### Exercise
Exclude the pictures, then repeat the remaining data exactly.

[Short descriptive text snippets]
● ● ● ● ● ● ●

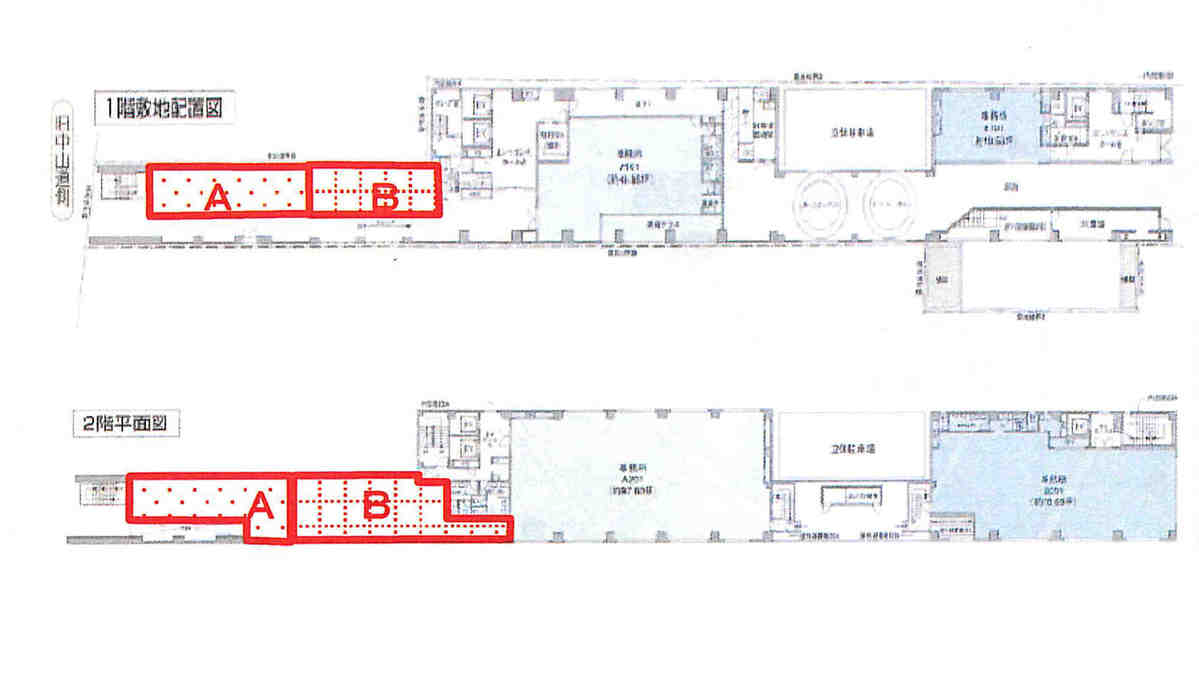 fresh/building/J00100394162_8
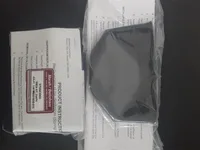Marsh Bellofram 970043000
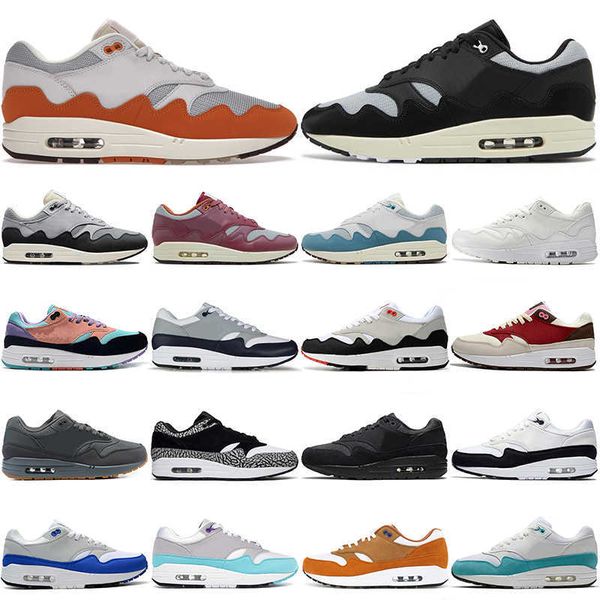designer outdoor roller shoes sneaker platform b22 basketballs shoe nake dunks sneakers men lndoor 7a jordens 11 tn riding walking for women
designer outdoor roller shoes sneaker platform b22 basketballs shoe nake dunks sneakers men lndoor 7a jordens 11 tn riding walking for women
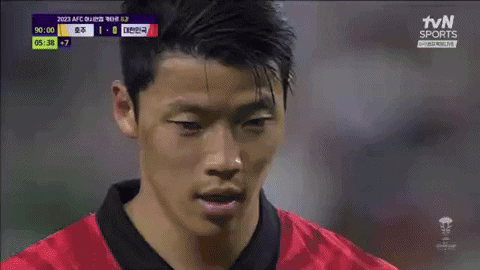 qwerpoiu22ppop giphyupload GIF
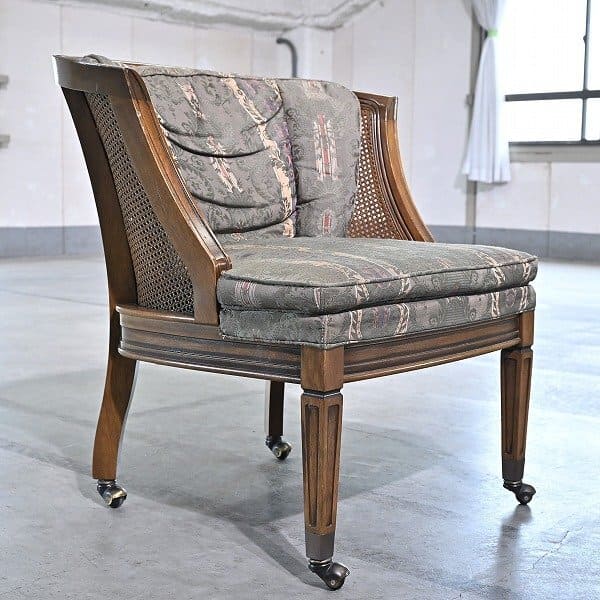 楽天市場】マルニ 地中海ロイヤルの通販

● ● ● ● ● ● ●

### Result of the task
 fresh/building/J00100394162_8
Marsh Bellofram 970043000
designer outdoor roller shoes sneaker platform b22 basketballs shoe nake dunks sneakers men lndoor 7a jordens 11 tn riding walking for women
designer outdoor roller shoes sneaker platform b22 basketballs shoe nake dunks sneakers men lndoor 7a jordens 11 tn riding walking for women
 qwerpoiu22ppop giphyupload GIF
 楽天市場】マルニ 地中海ロイヤルの通販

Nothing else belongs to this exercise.